> [DIRECTIONS FOR THIS TASK]:
Your answer should contain only the lines from the top of the data below down through the one with "Kepala Sangkar Burung", transcribed exactly and without pictures; please include nothing more.

> [Dataset entries]:

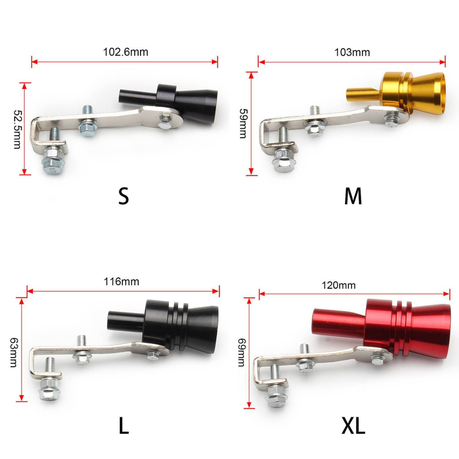 Turbo Sound Whistle, Aluminiumlegierung Auto Turbo Sound Auspuff  Schalldämpfer Auto Modifiziertes Teil TC-XL(Schwarz)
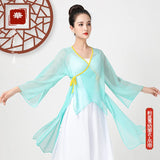 Solid Color Chiffon Elegant V-neck Suit Bandage Woman Dance Costume Hanfu Women Chinese Traditional Classical Tops Oriental 6XL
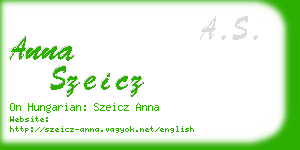 anna szeicz business card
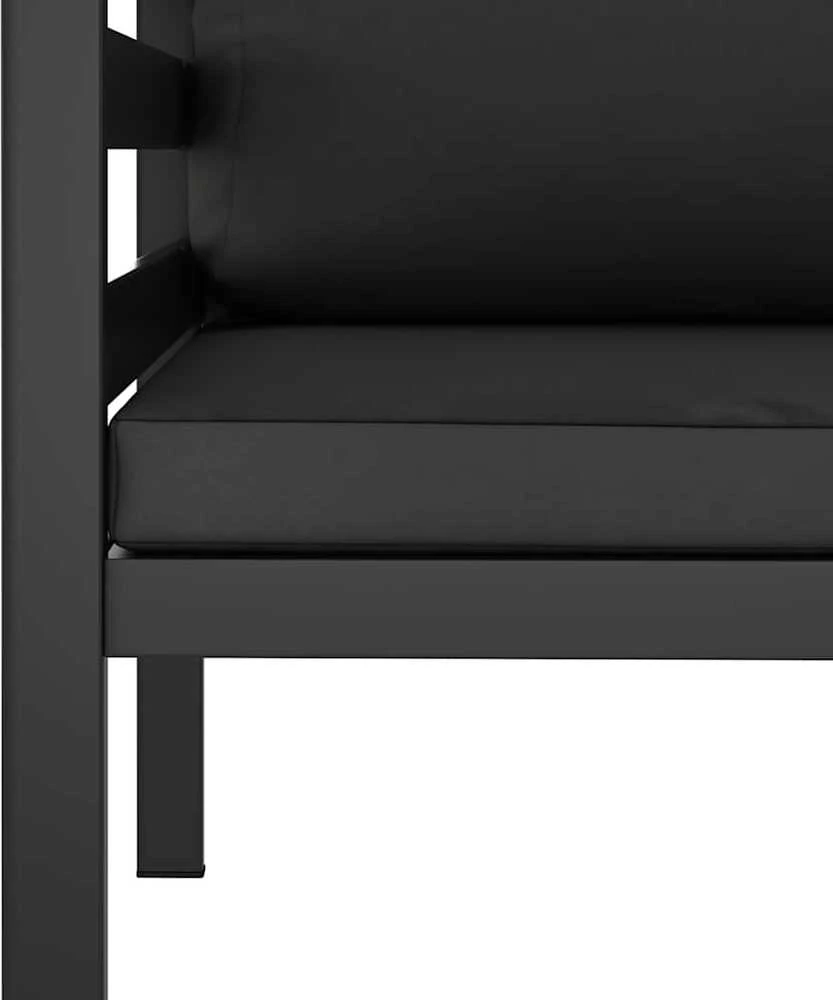 Vienvietė sofa su pagalvėlėmis, antracito spalvos, aliuminis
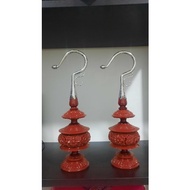 Kepala Sangkar Burung Fiber Ukir Merah Cangkuk Steel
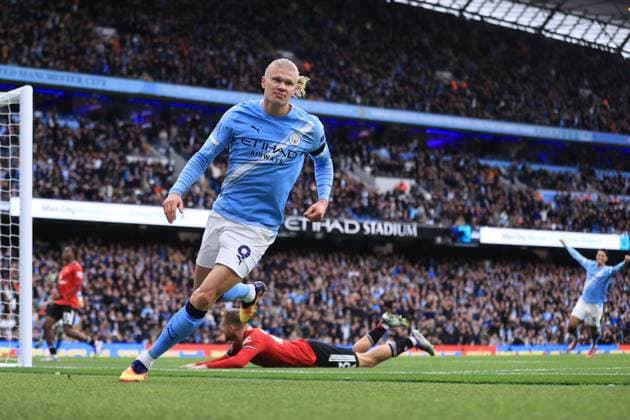 Manchester City v Manchester United, ManU 14th September 2025 - Premier League - Manchester City v Manchester United - Erling Haaland of Manchester City after scoring the second goal for his team - Photo: Simon Stacpoole Offside. Manchester UK Copyright: xSimonxStacpoolexOffside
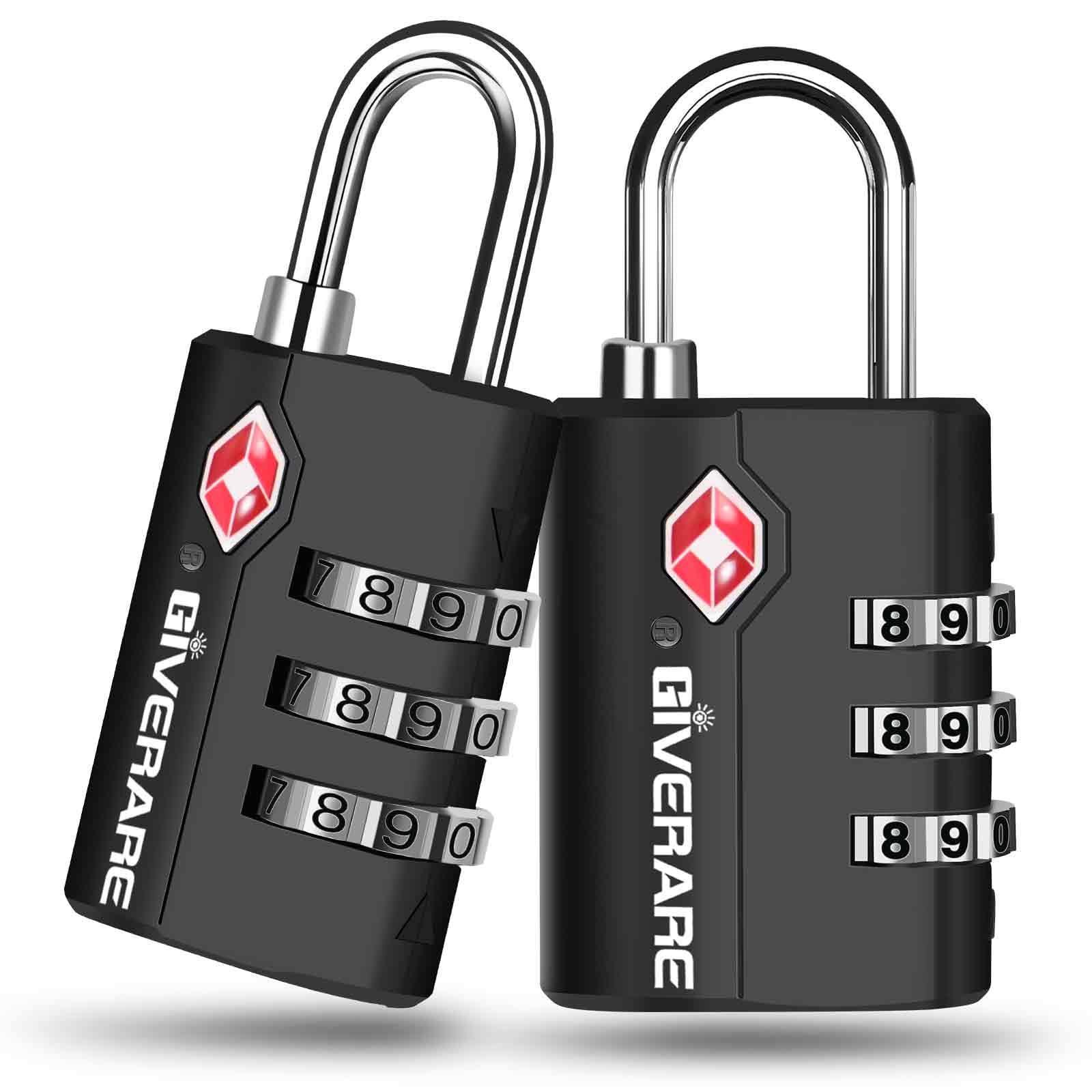 Photo 1 of 2 Pack TSA Approved Travel Luggage Locks, Suitcase Combination Lock, Keyless 3-Digit Zipper Padlocks, TSA Accepted Compatible Padlock for Gym Locker, Golf Bag Case, Backpack-Black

> [RESULT BELOW]:
 Turbo Sound Whistle, Aluminiumlegierung Auto Turbo Sound Auspuff  Schalldämpfer Auto Modifiziertes Teil TC-XL(Schwarz)
 Solid Color Chiffon Elegant V-neck Suit Bandage Woman Dance Costume Hanfu Women Chinese Traditional Classical Tops Oriental 6XL
 anna szeicz business card
 Vienvietė sofa su pagalvėlėmis, antracito spalvos, aliuminis
 Kepala Sangkar Burung Fiber Ukir Merah Cangkuk Steel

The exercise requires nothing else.